L’esordio del brano in oggetto è profondo e programmatico insieme:
“Questo è il mio comandamento: che vi amiate gli uni gli altri come io ho amato voi” (15,12).
È necessario un commento breve per gustare la profondità, il dono e il compito dell’amicizia.
“Comandamento” rimanda alla realtà del Primo Testamento contrassegnata dal binomio alleanza/patto, ampiamente descritto nei primi libri della Bibbia, che riferiscono del rapporto esclusivo – ma non escludente- fra Dio e il suo popolo. Questa bella relazione, nei profeti, diventerà sponsale, fatta di amore fra lo Sposo e la Sposa (cfr. Os 2,16ss). L’amore, quindi, è il contenuto del comandamento. Fatto alquanto singolare!
La parola del versetto citato, che echeggia e irrompe fortemente, a mio avviso, è l’aggettivo possessivo “mio” ed il senso di tale aggettivo sta nell’avverbio di modo “come”, che non ha alcun valore comparativo ma costitutivo-causativo.
C’è, però, una ben precisa dinamica da scandagliare e valorizzare: il Padre ama il Figlio, Gesù ama i suoi discepoli e questi sono chiamati ad amarsi fra di loro in una continua generazione di amore. L’amicizia è il legame che rende possibile questo amore.
Noi cristiani ci dobbiamo volere bene e per volersi bene il tutto inizia dalla nostra amicizia con Gesù e in Gesù. Se così non fosse, rischieremmo di strumentalizzarci a vicenda, come spesso purtroppo accade.
Quali sono allora le caratteristiche dell’amicizia di Gesù?
Stando al nostro brano, la prima espressione del volersi bene è una donazione di sé, totale e incondizionata.
Nessuno ha un amore più grande di questo: dare la sua vita per i propri amici (Gv 15,13).
La seconda caratteristica consiste nell’uguaglianza e nella reciprocità:
non vi chiamo più servi…ma… amici,
perché tutto ciò che ho udito dal Padre l’ho fatto conoscere a voi (Gv 15,15).
Qui troviamo il fondamento dell’amicizia cristiana: il Maestro comunica ai discepoli tutto quello che ha ricevuto dal Padre, introducendoli nella stessa amicizia che lo lega al Padre.
Questa affermazione è basilare e rivoluzionaria perché motiva in profondità il nostro agire.
Il Vangelo, infatti, continua:
vi ho costituiti perché andiate e portiate frutto e il vostro frutto rimanga (Gv 15,16).
Questo “mandato” deve essere per noi motivo di grande consolazione dal momento che l’impegno cristiano ha la sorgente nell’amore del Padre e giunge a noi attraverso la linfa feconda e generativa della “Vite” (=Gesù) di cui noi siamo i tralci.

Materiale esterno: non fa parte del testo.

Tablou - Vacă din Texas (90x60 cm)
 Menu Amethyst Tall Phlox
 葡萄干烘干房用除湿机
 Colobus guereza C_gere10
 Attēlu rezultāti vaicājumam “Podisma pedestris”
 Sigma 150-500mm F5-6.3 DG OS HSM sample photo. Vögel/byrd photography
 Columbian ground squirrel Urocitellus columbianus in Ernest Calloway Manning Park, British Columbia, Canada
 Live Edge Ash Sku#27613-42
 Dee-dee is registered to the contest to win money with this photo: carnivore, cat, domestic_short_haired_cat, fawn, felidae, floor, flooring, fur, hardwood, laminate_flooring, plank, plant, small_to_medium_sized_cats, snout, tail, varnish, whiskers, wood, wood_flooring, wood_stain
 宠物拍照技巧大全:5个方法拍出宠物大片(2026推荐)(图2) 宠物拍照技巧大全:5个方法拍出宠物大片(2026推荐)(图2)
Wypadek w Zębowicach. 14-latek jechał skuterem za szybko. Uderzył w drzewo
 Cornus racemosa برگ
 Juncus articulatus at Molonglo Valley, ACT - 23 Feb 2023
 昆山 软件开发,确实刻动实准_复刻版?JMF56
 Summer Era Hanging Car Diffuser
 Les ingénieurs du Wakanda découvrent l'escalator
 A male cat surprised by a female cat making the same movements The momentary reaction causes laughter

Il CPP rappresenta in “miniatura” un po’ tutta la comunità, ricca di mille relazioni con le relative sfumature, che hanno il colore e il sapore della tenerezza, dell’accoglienza, del senso di protezione, del sentirsi realizzati per quello che si è, della reciproca libertà e franchezza, del volersi bene. Tutto questo, però, non potrà mai autorizzare i membri ad essere autoreferenziali, ad avvitarsi su se stessi, ma proprio l’amicizia di Gesù dovrà “costringerli” ad ulteriori forme di scambio, per aggiuntivi confronti e collaborazioni con tutti.
Non dimentichiamo che il confronto è crescita!
Il presente sa rivelare tanti germogli inattesi, segnali che il vento dello Spirito soffia pollini vitali dentro la nostra storia. Contro tutti i profeti di sventura, contro il clima di pessimismo che ci avvolge, la Parola è ancora qui a parlarci parole di vita piena e a donarci il futuro perché il Vangelo è bello e rende bella la vita. (E. Ronchi)
In conclusione, essere amici “nel” Signore significa condividere un progetto di Chiesa, popolo di Dio in cammino, volere e cercare il bene dell’altro in modo libero e gratuito, senza egoismi e interessi, facendosi sempre servi del bene della comunità.
Ogni dono di sé è una semina d’amore che fa nascere amore.
Auguri per un buon cammino quaresimale.